▶ [Task instructions]
Starting at the line below that contains "Lot med koste og retteskinner 2 paller" and ending at the line that contains "Private full-floor residence", retype each line exactly as it stands, but omit the pictures.

▶ [Source information]
--------

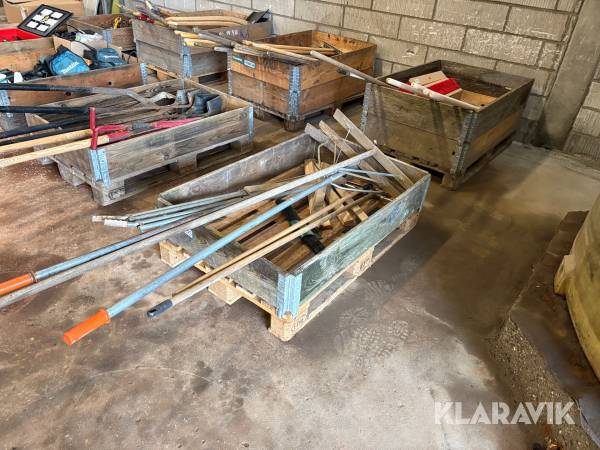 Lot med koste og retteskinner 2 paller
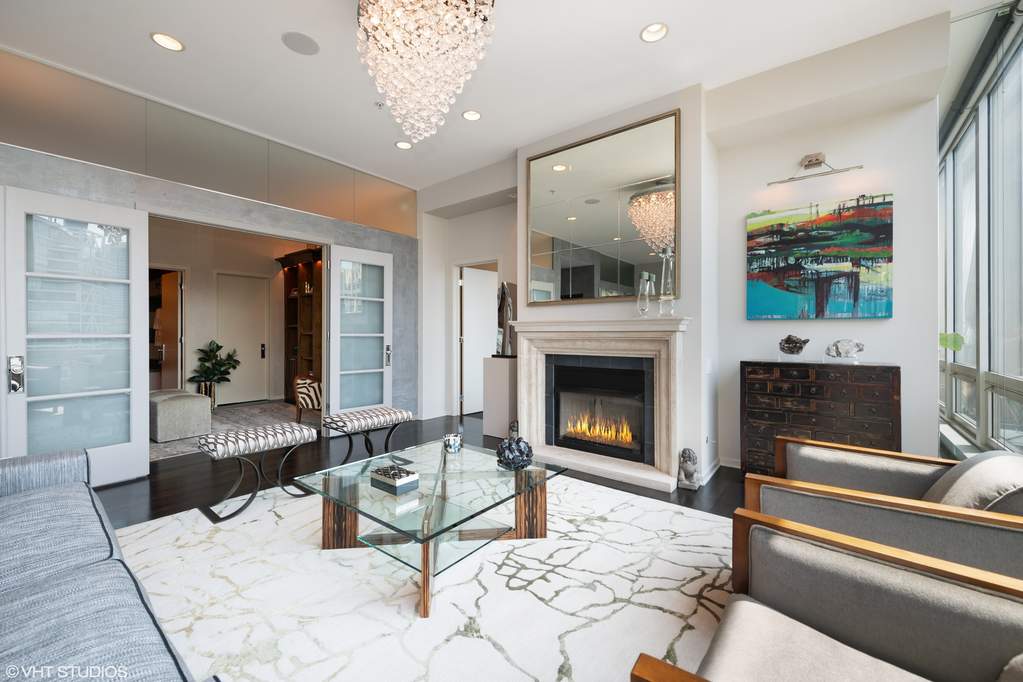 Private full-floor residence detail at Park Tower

--------

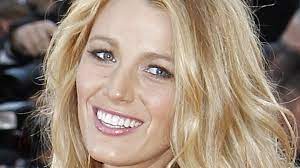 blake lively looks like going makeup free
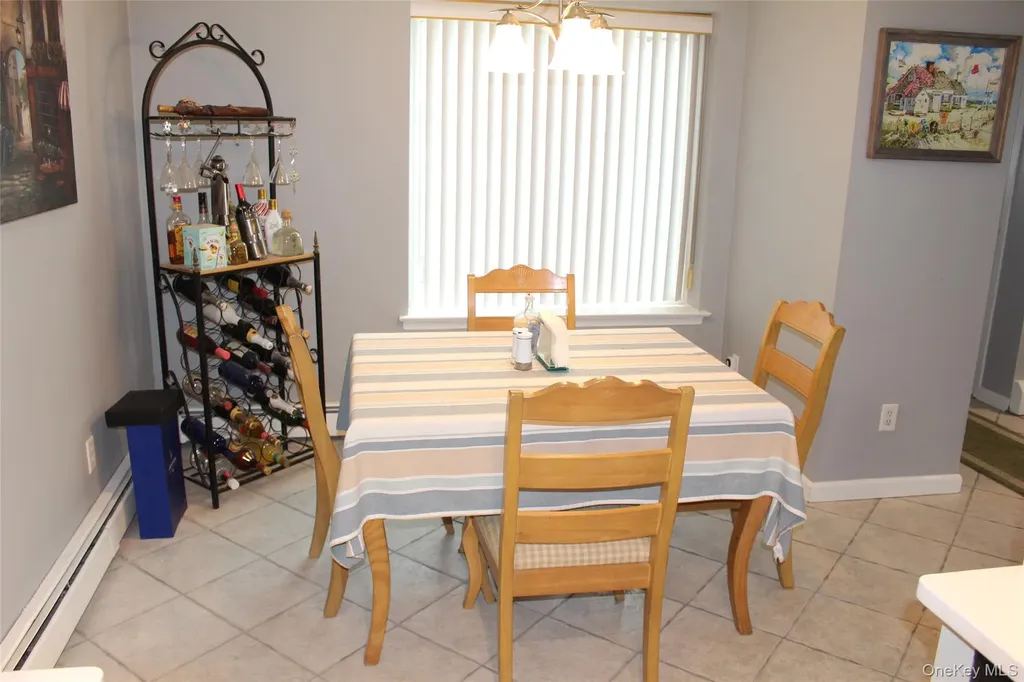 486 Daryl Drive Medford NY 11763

--------

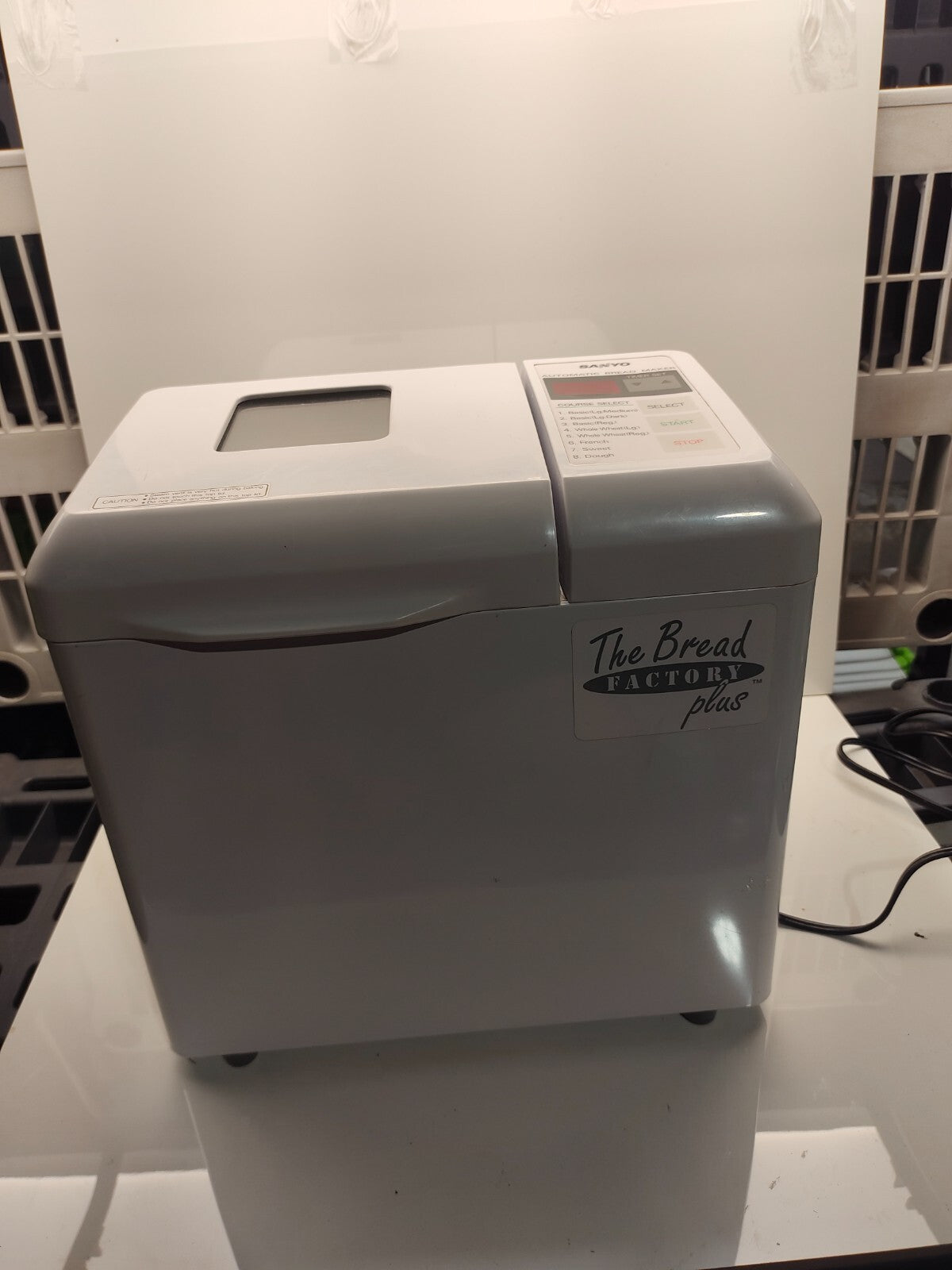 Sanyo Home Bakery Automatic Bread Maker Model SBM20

--------

▶ [Answer to this exercise]
 Lot med koste og retteskinner 2 paller
 Private full-floor residence detail at Park Tower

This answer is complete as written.